TASK GOAL: Nothing but the lines from the one holding "Gold Auth BSZ648V-16" through the last line of the material below should be set down, exactly and without images.
(SUPPLIED DATA Opens)
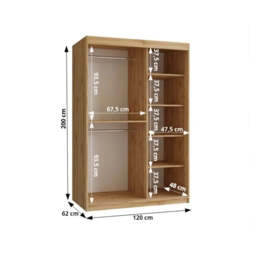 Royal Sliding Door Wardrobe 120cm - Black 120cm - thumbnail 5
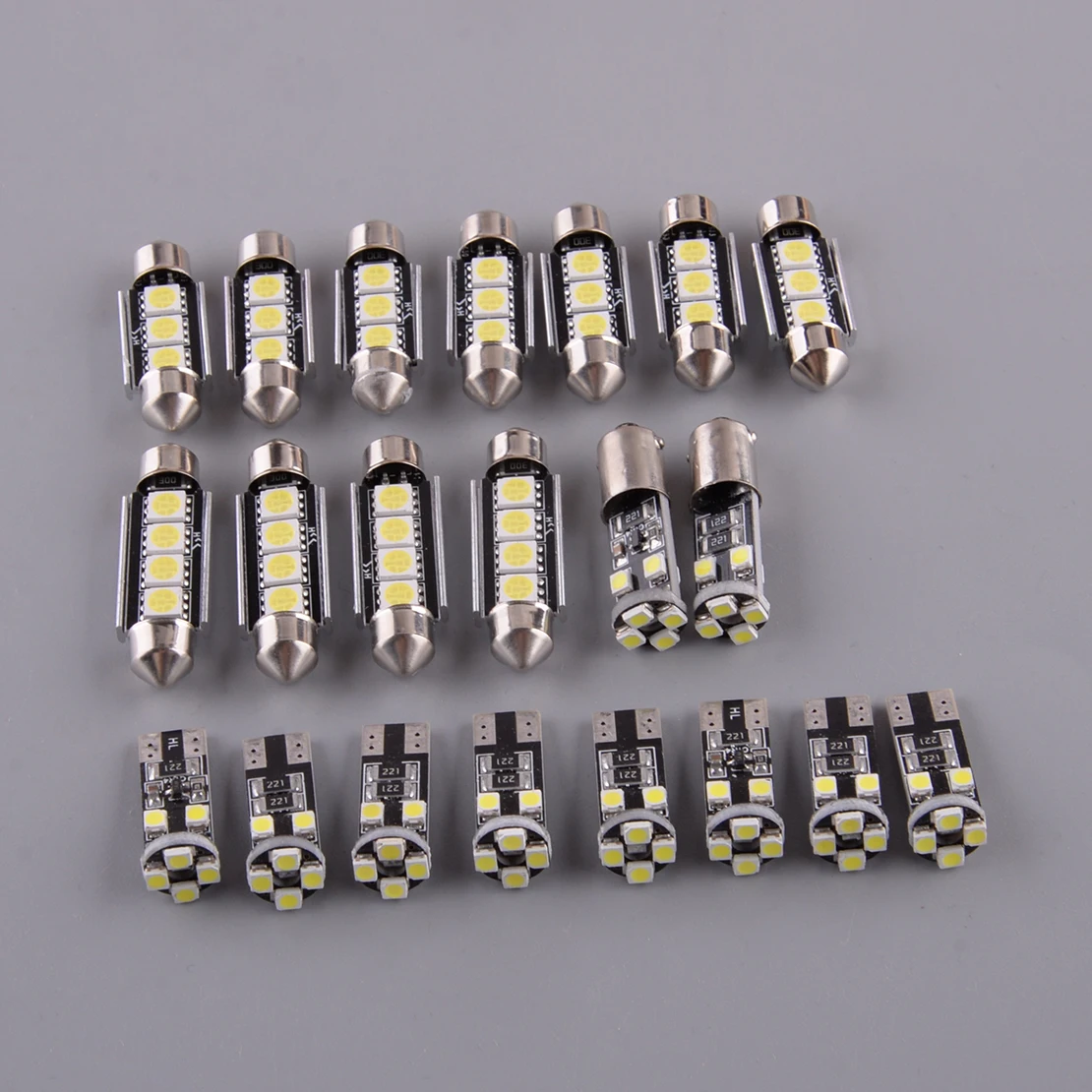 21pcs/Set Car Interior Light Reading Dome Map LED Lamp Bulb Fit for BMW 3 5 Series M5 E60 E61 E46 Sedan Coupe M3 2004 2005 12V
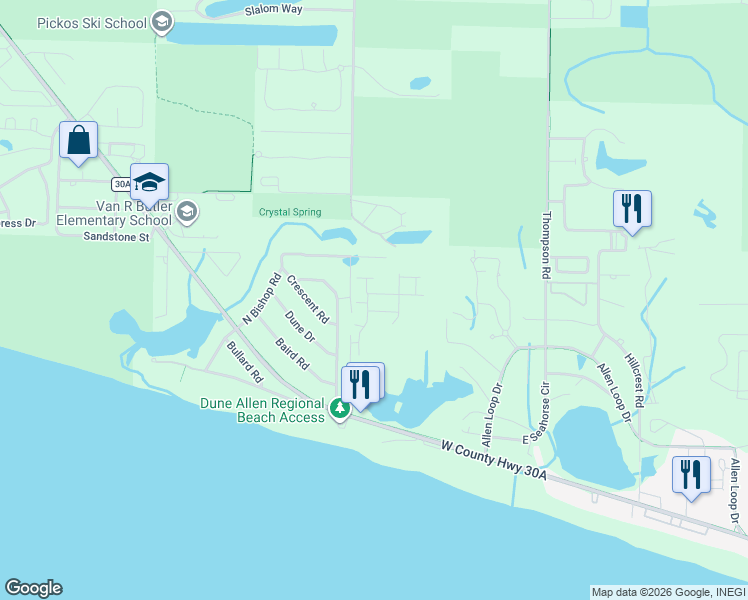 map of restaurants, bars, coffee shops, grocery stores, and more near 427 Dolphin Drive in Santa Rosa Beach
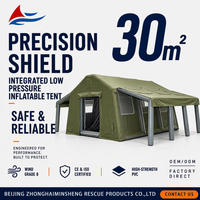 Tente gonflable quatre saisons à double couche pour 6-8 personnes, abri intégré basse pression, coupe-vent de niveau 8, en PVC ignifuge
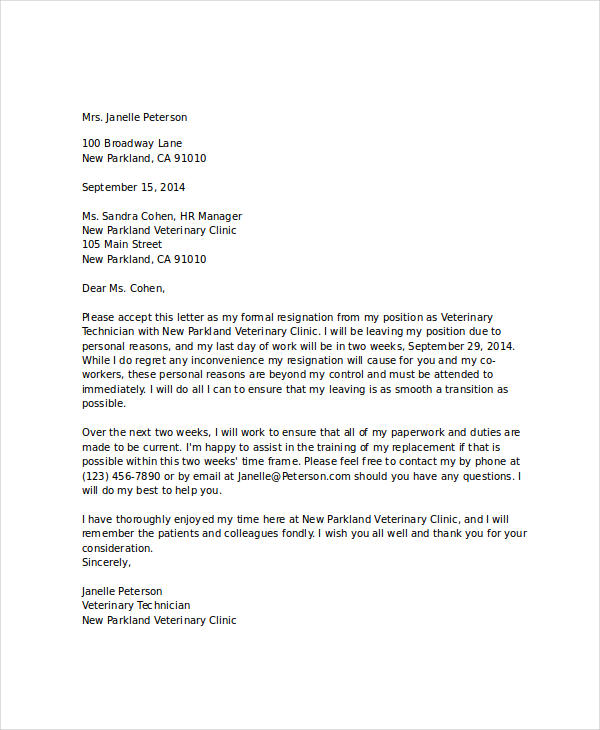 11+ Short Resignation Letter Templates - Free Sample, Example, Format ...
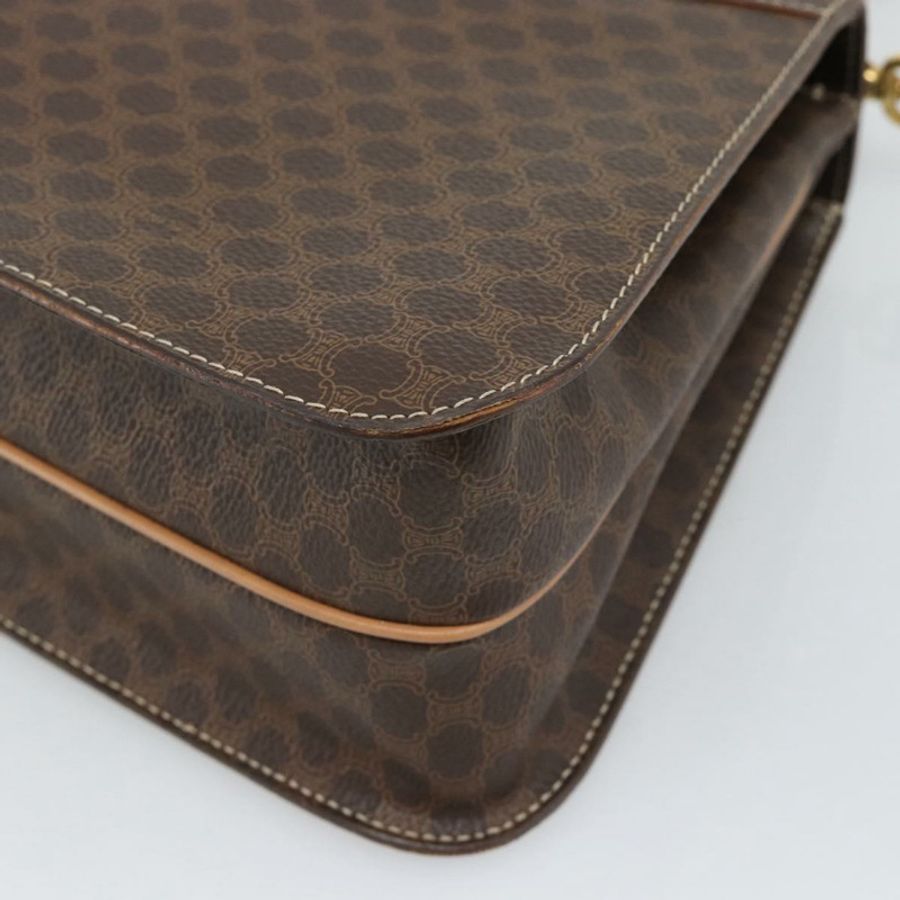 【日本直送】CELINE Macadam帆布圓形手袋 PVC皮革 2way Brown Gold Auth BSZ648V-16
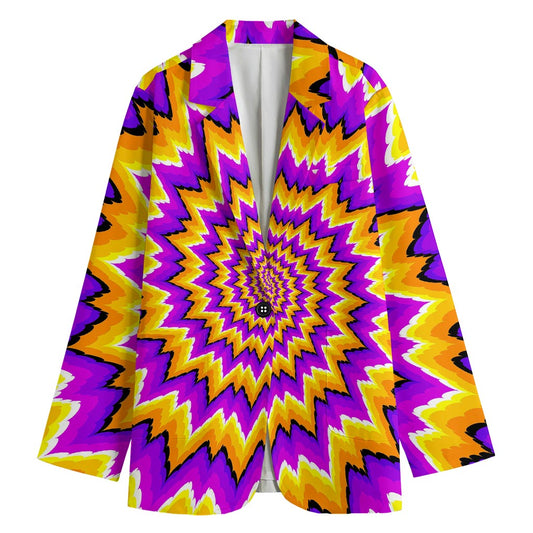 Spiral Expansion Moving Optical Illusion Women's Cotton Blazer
(SUPPLIED DATA Closes)
ANSWER FOR THIS EXERCISE:
 【日本直送】CELINE Macadam帆布圓形手袋 PVC皮革 2way Brown Gold Auth BSZ648V-16
 Spiral Expansion Moving Optical Illusion Women's Cotton Blazer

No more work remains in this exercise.